= PROBLEM STATEMENT =
In the records below, find the line with "Reformation Black floral" and repeat it and every line after it, exactly, without any pictures.
[MATERIAL SUPPLIED Boundary: Start]
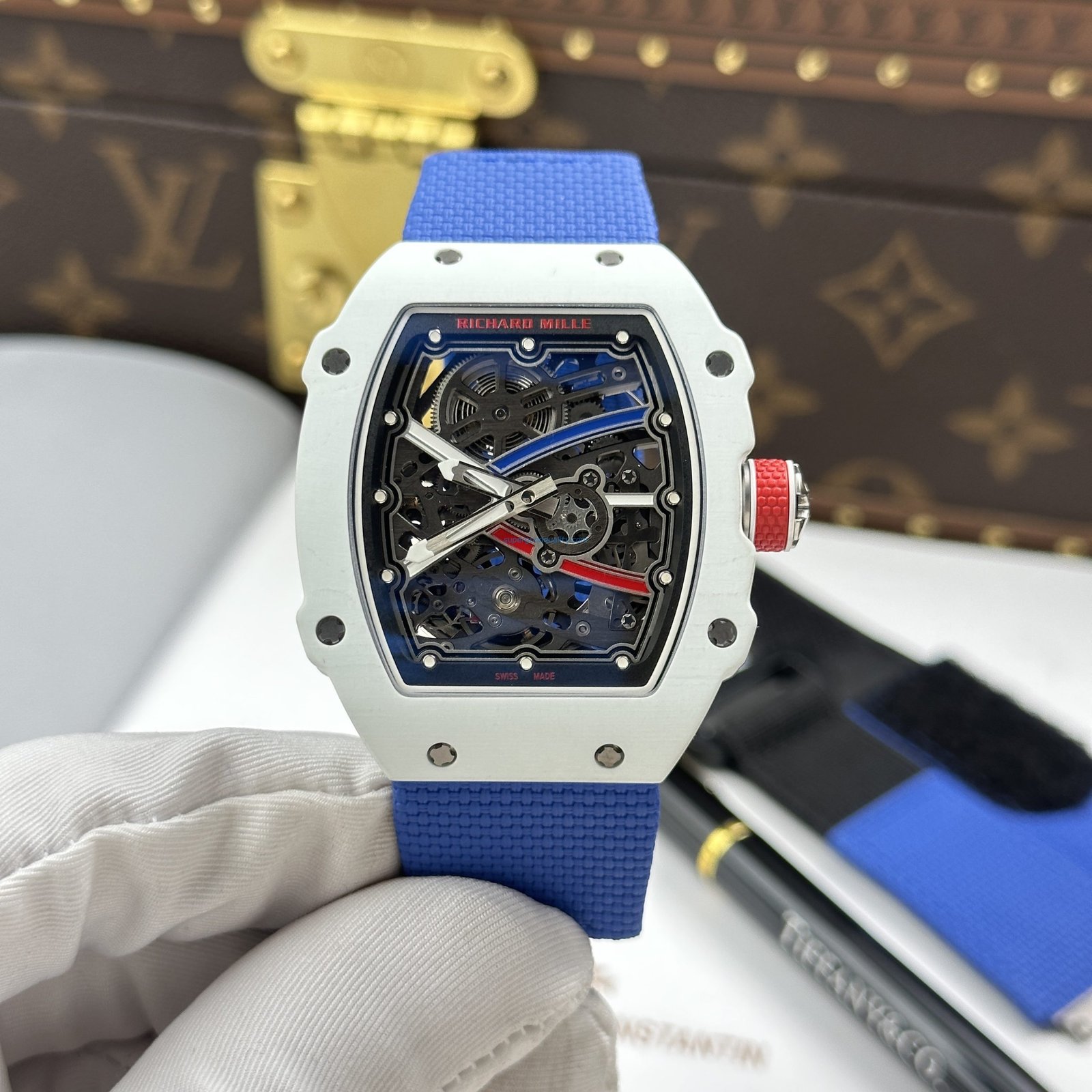 DONG-HO-RICHARD-MILLE-RM67-02-REPLICA-CAO-CAP-VO-CARBON-MAU-TRANG-SIEU-NHE-TRONG-LUONG-37-GRAMS-38.7X47-14-scaled-1 RICHARD MILLE RM67-02 REPLICA WATCH WHITE CARBON CASE SUPER LIGHT WEIGHT 37 GRAMS 38.7X47.52MM - 图片 1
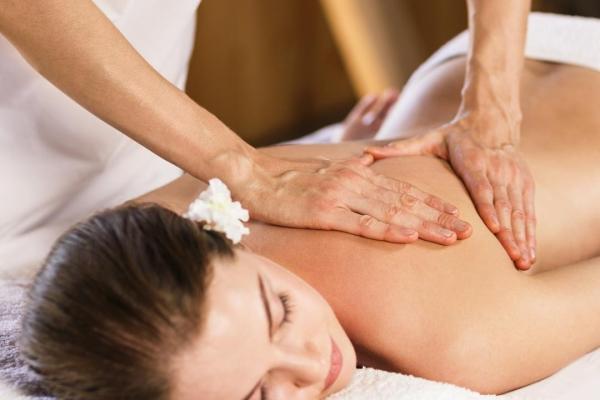 PURE Relaxing Massage 60 Mins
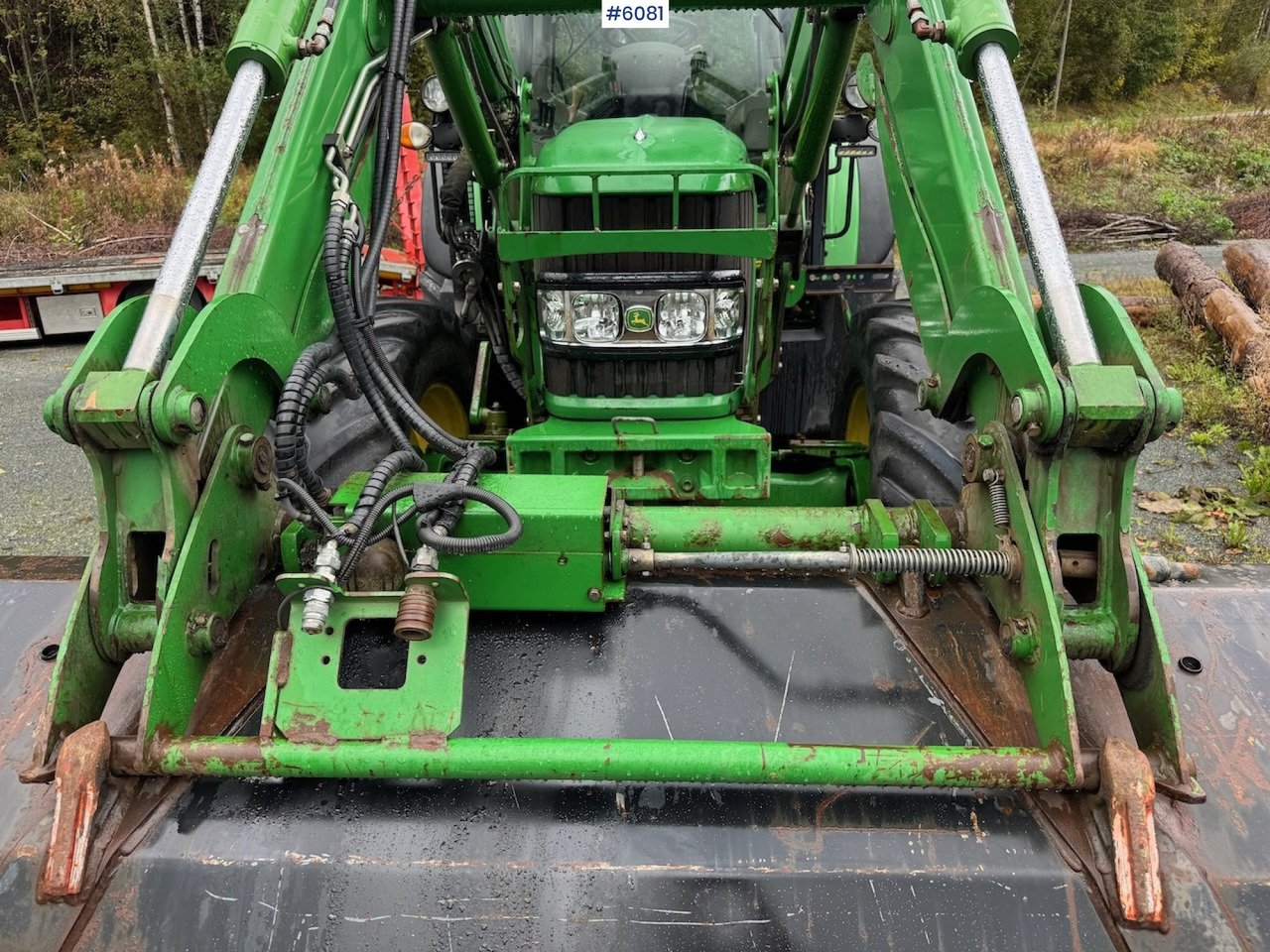 2007 John Deere 6430 Premium w/ front loader and bucket. - Трактор: слика 5 2007 John Deere 6430 Premium w/ front loader and bucket. - Трактор: слика 5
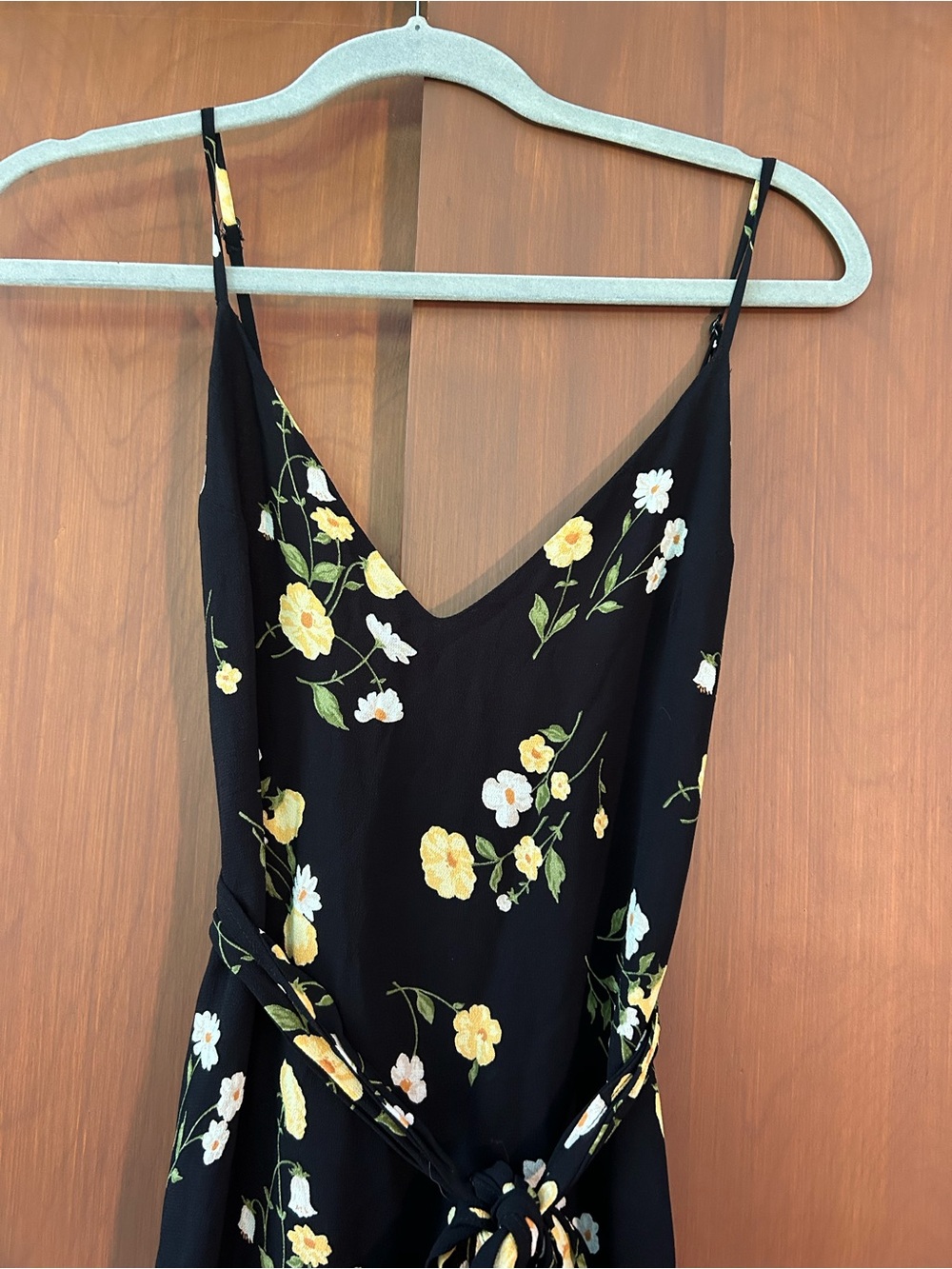 Reformation Black floral midi dress - Picture 6 of 7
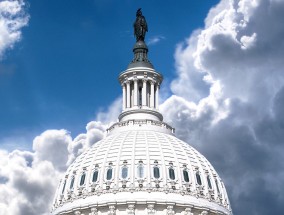 美国面临多重影响与挑战的复杂局势分析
[MATERIAL SUPPLIED Boundary: End]
= RESPONSE TO THIS TASK =
 Reformation Black floral midi dress - Picture 6 of 7
 美国面临多重影响与挑战的复杂局势分析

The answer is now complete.